Re: [Tutor] Parsing problem

Paul McGuire Mon, 25 Jul 2005 14:09:27 -0700

Liam -

I just uploaded an update to pyparsing, version 1.3.2, that should fix the
problem with using nested Dicts.  Now you won't need to use [0] to
dereference the "0'th" element, just reference the nested elements as a.b.c,
or a["b"]["c"].


-- Paul 


-----Original Message-----
From: Liam Clarke [mailto:[EMAIL PROTECTED] 
Sent: Sunday, July 24, 2005 10:21 AM
To: Paul McGuire
Cc: tutor@python.org
Subject: Re: [Tutor] Parsing problem

Hi Paul, 

That is fantastic. It works, and using that pp.group is the key with the
nested braces. 

I just ran this on the actual file after adding a few more possible values
inside the group, and it parsed the entire header structure rather nicely.

Now this will probably sound silly, but from the bit 

header = {...
...
}

it continues on with 

province = {...
} 

and so forth. 

Now, once it reads up to the closing bracket of the header section, it
returns that parsed nicely. 
Is there a way I can tell it to continue onwards? I can see that it's
stopping at one group.

Pyparsing is wonderful, but boy... as learning curves go, I'm somewhat over
my head.

I've tried this - 

Code http://www.rafb.net/paste/results/3Dm7FF35.html
Current data http://www.rafb.net/paste/results/3cWyt169.html

assignment << (pp.OneOrMore(pp.Group( LHS + EQUALS + RHS ))) 

to try and continue the parsing, but no luck.

I've been running into the 

 File "c:\python24\Lib\site-packages\pyparsing.py", line 1427, in parseImpl
    raise maxException
pyparsing.ParseException: Expected "}" (at char 742), (line:35, col:5) 

hassle again. From the CPU loading, I'm worried I've got myself something
very badly recursive going on, but I'm unsure of how to use validate()

I've noticed that a few of the sections in between contain values like this
- 

foo = { BAR = { HUN = 10 SOB = 6 } oof = { HUN = { } SOB = 4 } }

and so I've stuck pp.empty into my RHS possible values. What unintended side
effects may I get from using pp.empty?
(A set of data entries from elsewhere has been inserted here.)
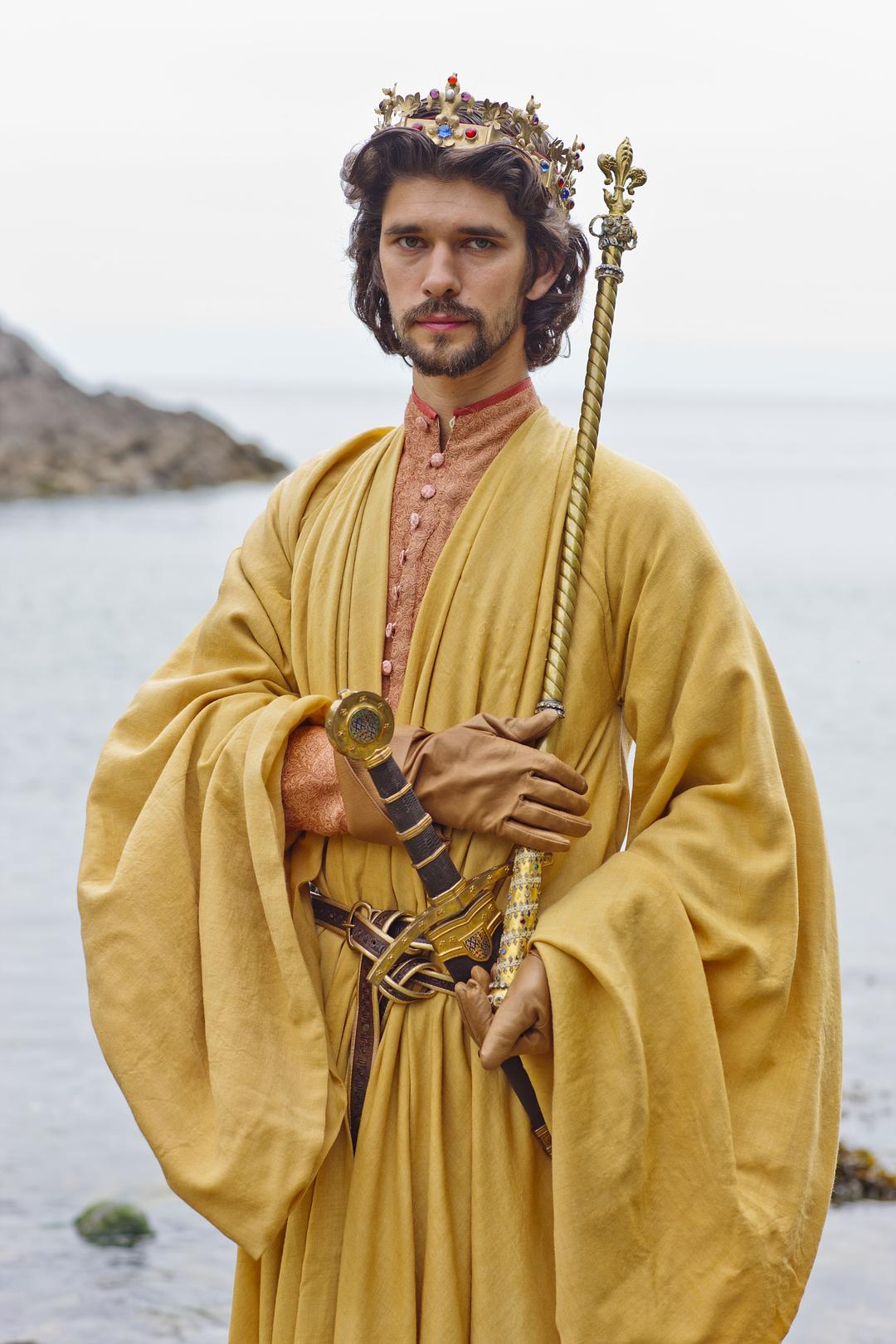 年10月14日出生于英国贝德福德郡,毕业于英国皇家戏剧学院,英国男演员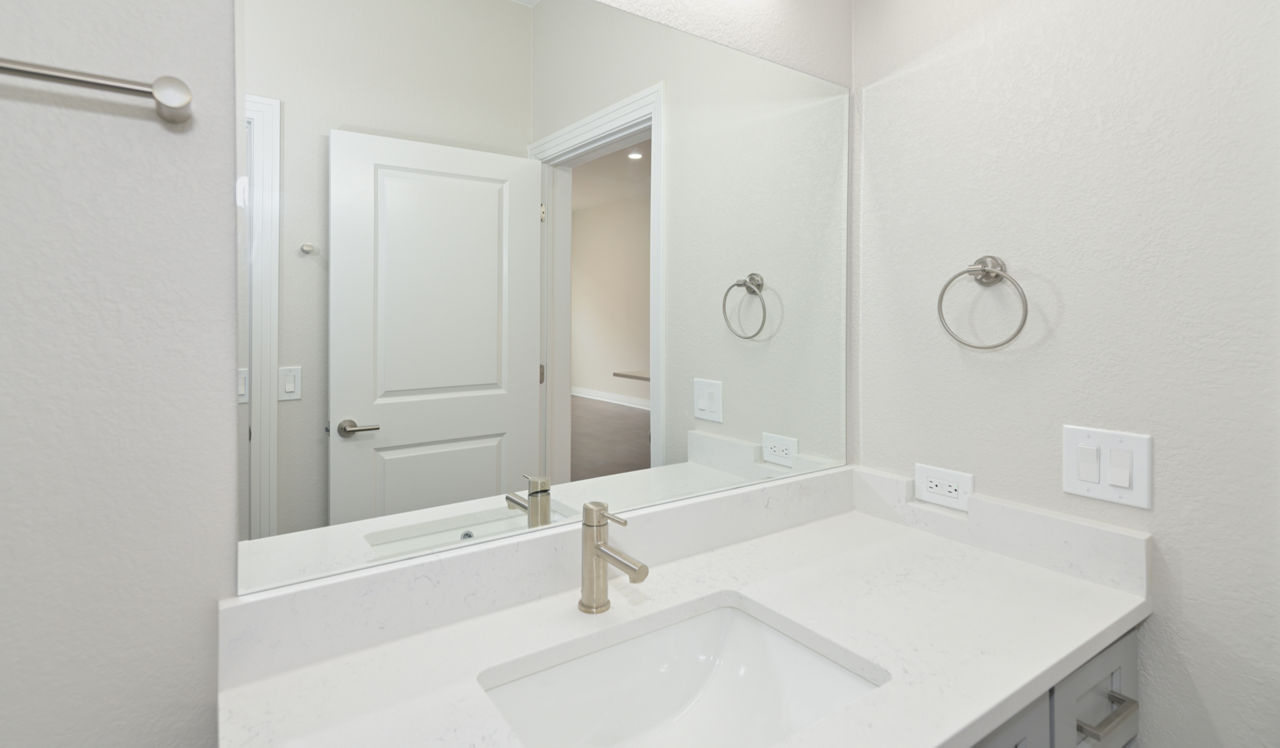 21 Fitzsimons - Aurora, CO - Bathroom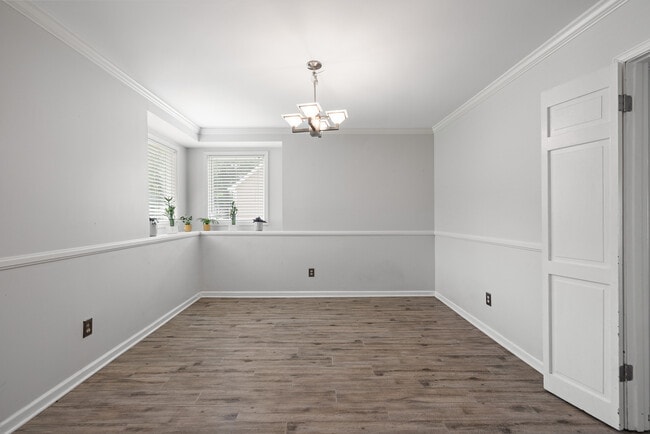 Foto del edificio - 1879 Corbin Rd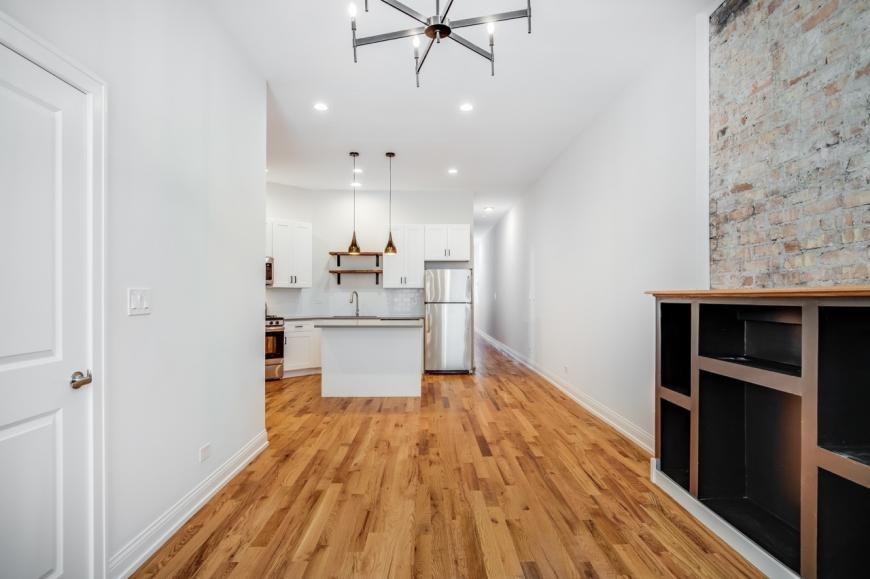 5407 S Harper Ave - Photo 3 of 10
From the docs, it sounds like a
wildcard token, rather than matching a null.

Using pp.empty has resolved my apparent problem with empty {}'s causing my
favourite exception, but I'm just worried that I'm casting my net too wide.

Oh, and, if there's a way to get a 'last line parsed' value so as to start
parsing onwards, it would ease my day, as the only way I've found to get the
whole thing parsed is to use another x = { ... } around the whole of the
data, and now, I'm only getting the 'x' returned, so if I could parse by
section, it would help my understanding of what's happening. 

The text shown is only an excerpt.